WKLO Morning Man Bill Love:
It's Love In The Morning

 

Outside the window, a delivery truck hisses quietly down the street, wet from an early morning rain.

A man in shapeless green workclothes heads home from the night shift. Two young women in platform shoes clatter on the sidewalk.

Inside, Big Bill Love is at work, talking. He's the early morning disc jockey at WKLO, working the 5 a.m. to 9 a.m. slot. At times, it seems like he's working on an assembly line, carefully following a script -- a hit record, then a weather report, two more records, then the news, then an oldie-but-goodie, and so on.
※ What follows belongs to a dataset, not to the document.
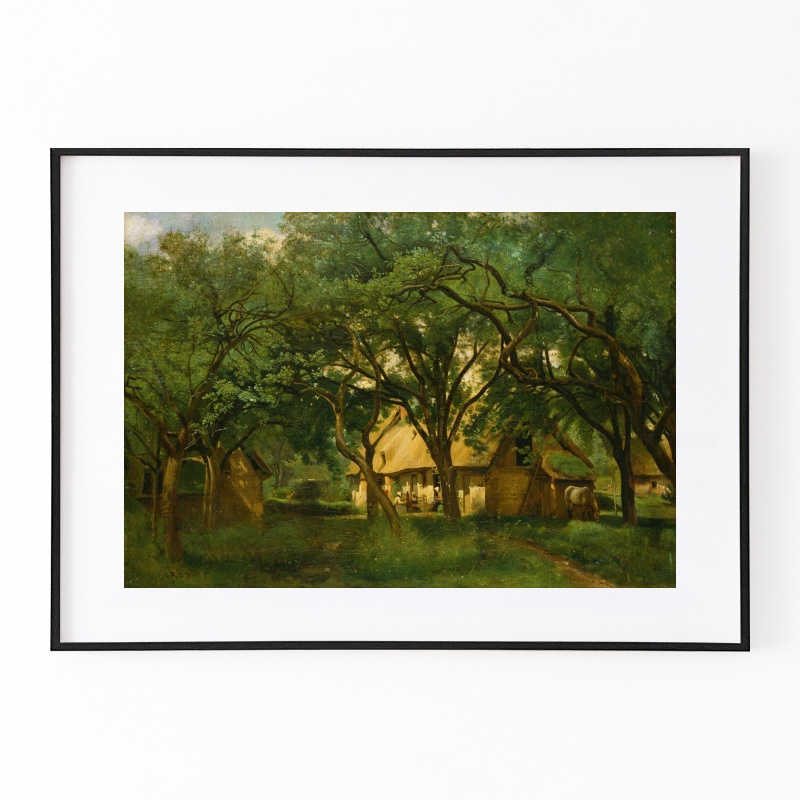 カミーユ・コロー、オンフルールのトゥータン農場、希少な額装用画集より ボクらのアート / The Toutain Farm at Honfleur - ジャン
In between he talks to listeners, telling the time and where the traffic jams are, and sometimes making them laugh.

Big Bill was born in Scott County, Kentucky, but he tells it better himself: "I was born at Finnell Pike, that's F-i-n-n-e-l-l Pike, born in a farmhouse. It's a national shrine now, they have a Howard Johnson's there.

"When I was little kid growing up we didn't have a lot of entertainment, but we did have a radio and I used to listen a lot. Where other kids would play with little toy guns and cars...I used to make little toy microphones. I built a TV camera one time out of some toilet paper rolls and and old box. I made a tripod for it and pretended I had my own TV show.
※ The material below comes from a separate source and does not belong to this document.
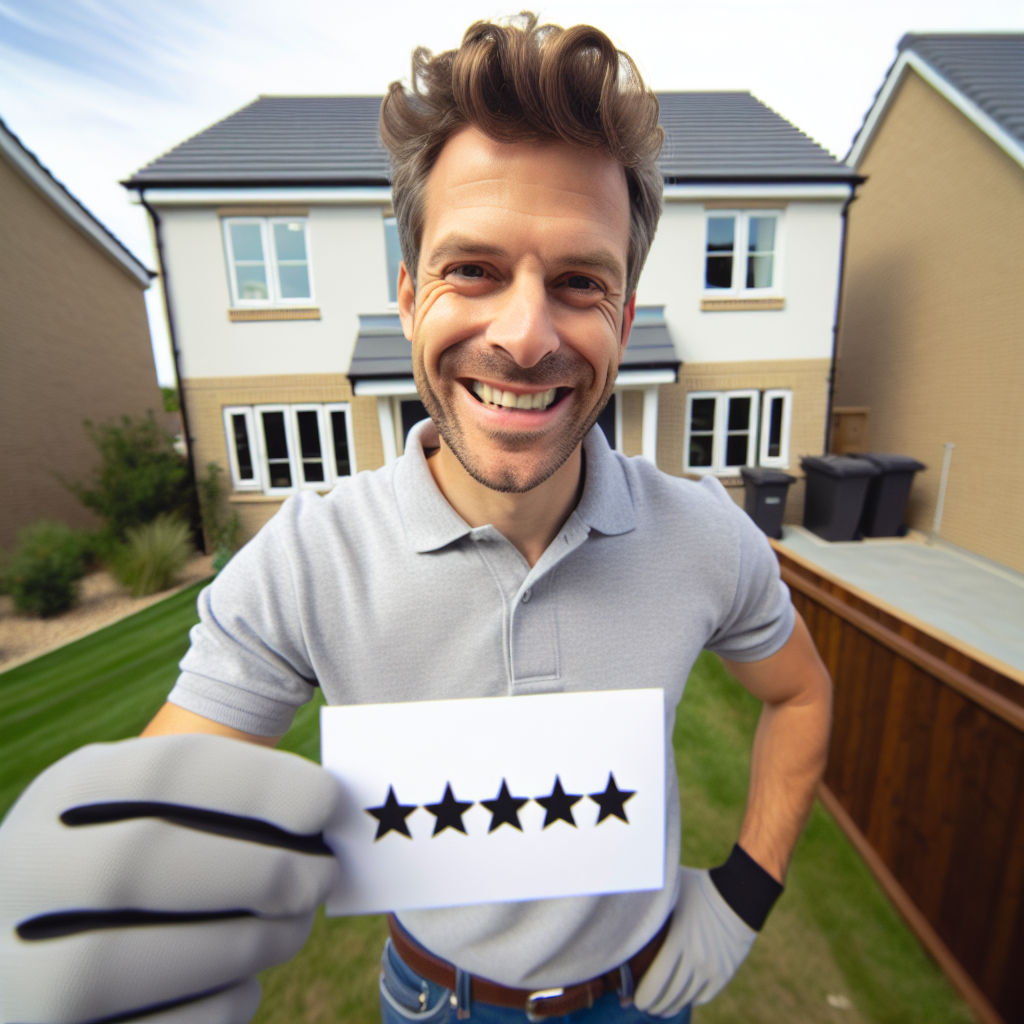 A man standing in a backyard, smiling and holding a card with five black stars, showcasing his success in meeting customer expectations.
"Things went off from there. In Paintsville there's a radio station. (Paintsville is the town nearest to Finnell Pike.) That's where I started out...I got sidetracked for a while. I wanted to be a big college football star and a pro star, but I gave it up. I played football for six years and all I got was hurt."

After Paintsville, Big Bill worked at several other stations before coming to WKLO 4 1/2 years ago.

"The morning show is the big one," he explains. "That's when the most people are listening. It's very difficult to watch TV in the morning. It's just impossible to be in the bathroom and shave and everything and have the TV going."

But he does have competition in the morning from other radio radio stations.

One of his toughest competitors is WAKY's Bill Bailey, the self-styled Duke of Louisville, famous for his abrasive personality and his caustic monologues.

Bailey leads Love in the ratings, But the gap has been closing since Big Bill Love took over WKLO's morning show. A recent survey showed Bailey with an average quarter hour total of 23,600 listeners to Love's 19,300. (WAVE and WHAS led with 28,800 and 27,600 respectively.)

In contrast to Bailey, Big Bill is smooth and less controversial. He philosophizes, "When I was a kid I used to sit around with my little tape recorder and I'd take a song and I'd cut out a part of it, you know, splice it out. If I had a mistake, I'd splice it out and put it back together again. And I thought, 'Wouldn't it be great if life were like that and you could run back and do it over...splice out what was wrong and put in the good stuff.'"

Big Bill has an answer for the bad stuff in life, though. He says, "I'm gonna just keep playing my hits and not worry about it."